#### Data to use ####
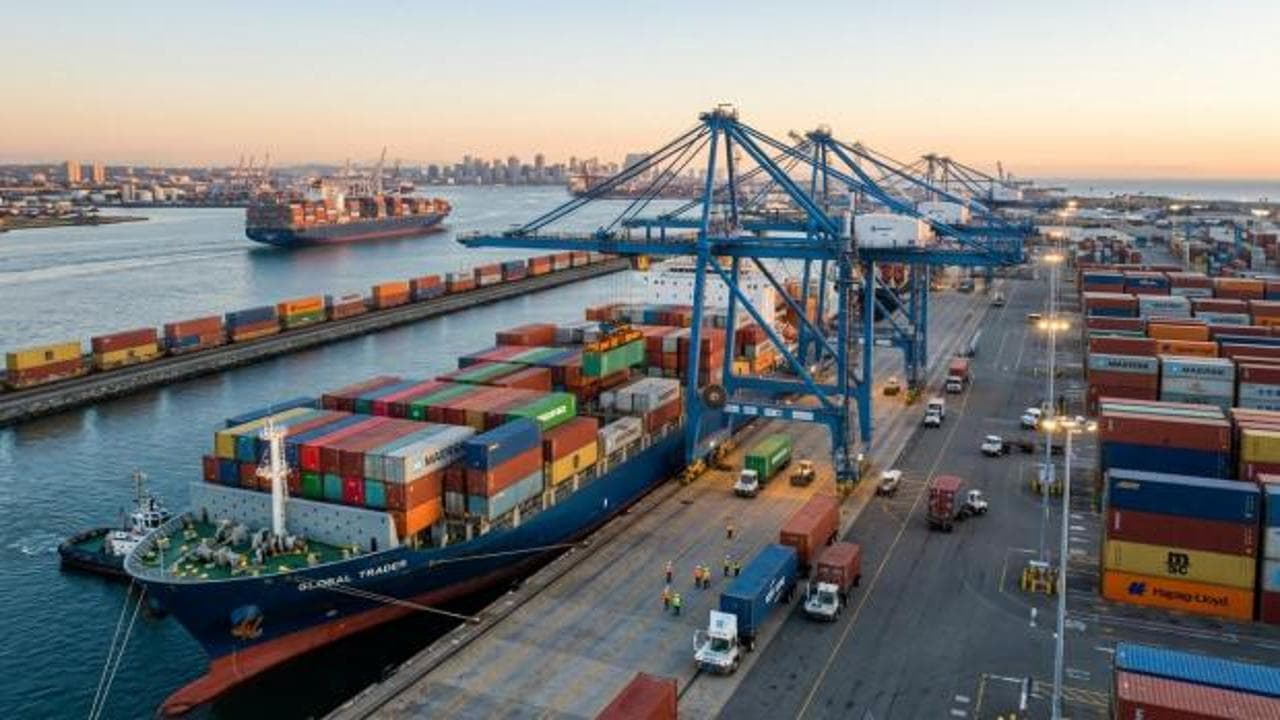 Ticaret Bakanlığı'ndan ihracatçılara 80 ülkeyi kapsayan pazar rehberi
####
#### Data to use ####
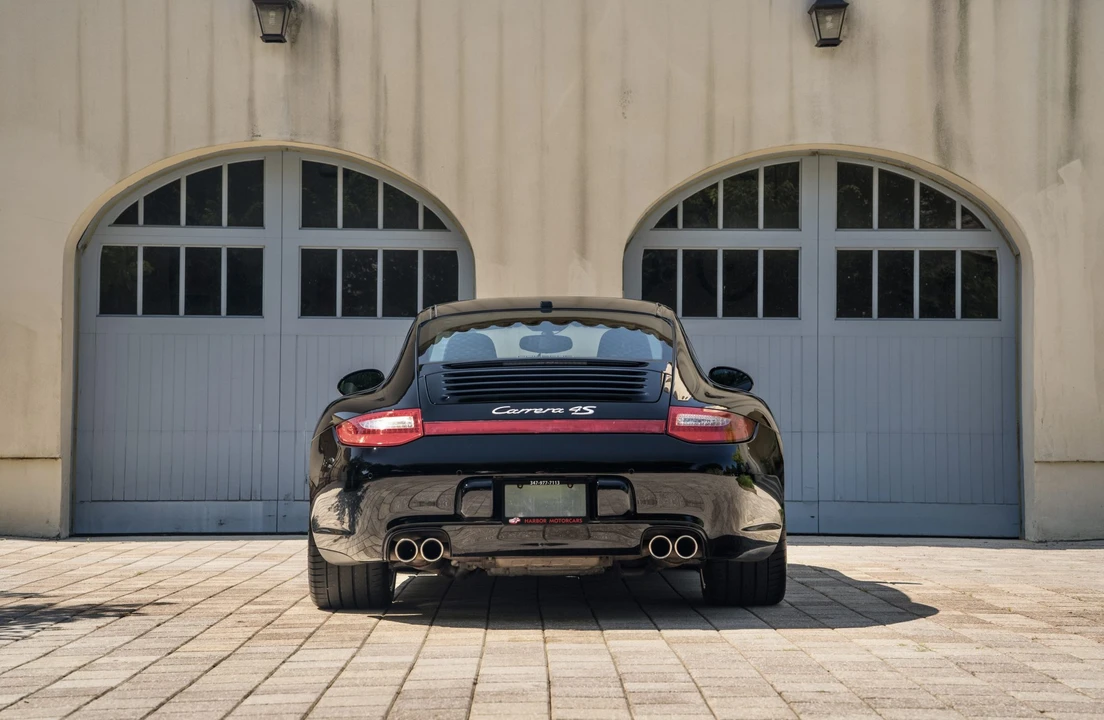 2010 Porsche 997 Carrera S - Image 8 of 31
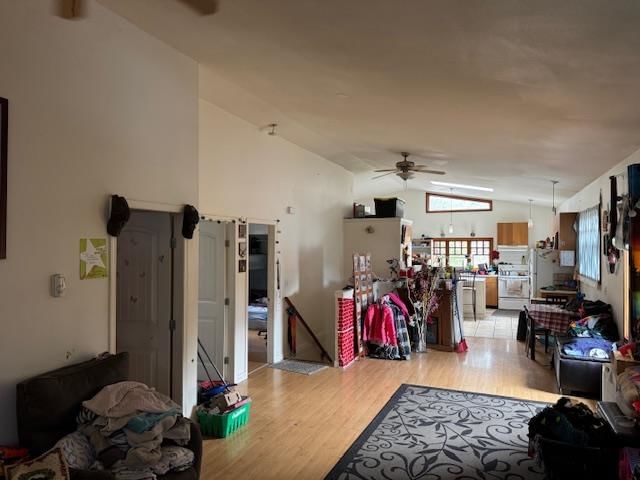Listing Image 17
####
* Requirement
Exact copy, pictures excluded: every line above from the one containing "2010 Porsche 997 Carrera S - Image 8 of 31" to the one containing "Listing Image 17", inclusive, and nothing more.

* Solution for this problem
 2010 Porsche 997 Carrera S - Image 8 of 31
Listing Image 17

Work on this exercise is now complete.